While recent polls show that the American electorate is increasingly concerned about illegal immigration, Abbott was beating the drum well before that. He’s been a thorn in the side of the Biden administration for years — and has now upped his national profile amid widespread speculation that he’s angling to be former President Donald Trump’s running mate, or perhaps his attorney general if he wins in November.

“My goal is singular — and that is to be the leader of the great state of Texas,” Abbott told NBC News.

Pressed on whether he planned to run for president in 2028, he demurred.

“I am planning on running for re-election as governor in Texas,” he said. “I take one step at a time.”

Abbott is next up for re-election in 2026.

At the moment, he’s defending House Republicans’ decision to kill a bipartisan border security bill — at Trump’s urging — that the president called out during Thursday night’s speech at the Capitol.

“If Joe Biden really believes in compromise,” Abbott said, “he would work with the House chamber.”

Before being elected governor in 2014, Abbott was the longest-serving attorney general in Texas history and was also a justice on the Texas Supreme Court. He was born in Wichita Falls and raised in Duncanville, Texas. Not long after law school, he was paralyzed by a falling tree while jogging.

Now he’s among the people considered most responsible for creating divisions among Democrats over the Biden administration’s immigration policies, in turn pushing them toward the right. His decision to bus migrants to major cities across the country slowly nudged Democratic mayors to break with Biden over the record migrant influx.

The White House has repeatedly called the busing program a “political stunt,” but it’s solidified Abbott’s dominance among the Republican base. Just this week, he and his attorney general, Ken Paxton, presided over a decisive victory in their home state: A slew of Republican candidates they had endorsed toppled many GOP members of the Texas House in a move seen as sheer political revenge. The Republican legislators who lost had crossed the governor on his legislative priority — school vouchers — and had tried to impeach Paxton.

The message was clear: Don’t mess with the Texas governor.

Abbott, 66, is also forging ahead with court battles over buoys in the Rio Grande, razor wire in Eagle Pass, and a new law that would fundamentally alter the relationship between local and federal government over immigration enforcement.

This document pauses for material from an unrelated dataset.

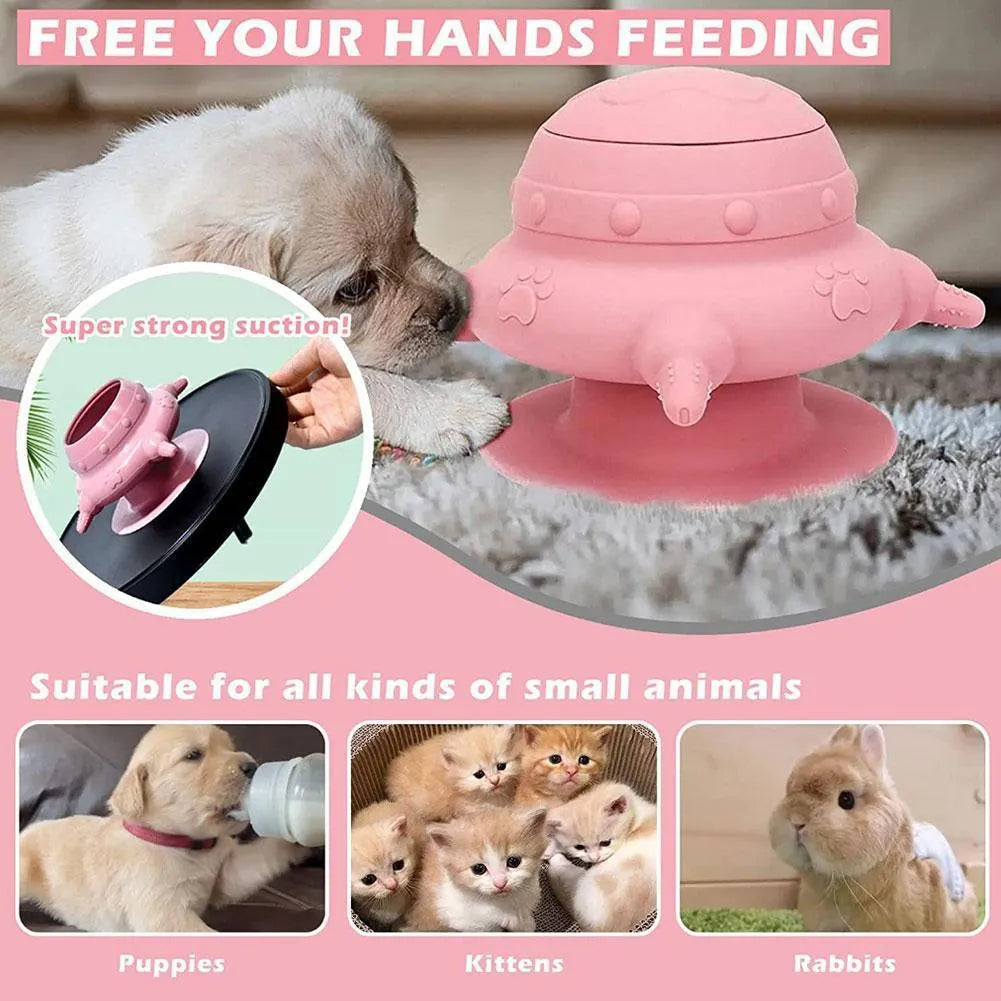 Pink silicone pet milk feeder with four nursing pacifiers and a lid on a flat base.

The law, which was originally set to take effect Sunday, has been put on hold temporarily by the Supreme Court.

During the legal fight over the statute, a judge who sided with the American Civil Liberties Union and the Justice Department wrote that “surges in immigration do not constitute an ‘invasion.’”

Abbott brushed off that characterization on Friday.

“These are not migrants crossing the border,” he said. “These are people who are coming across a border in violation of federal law.”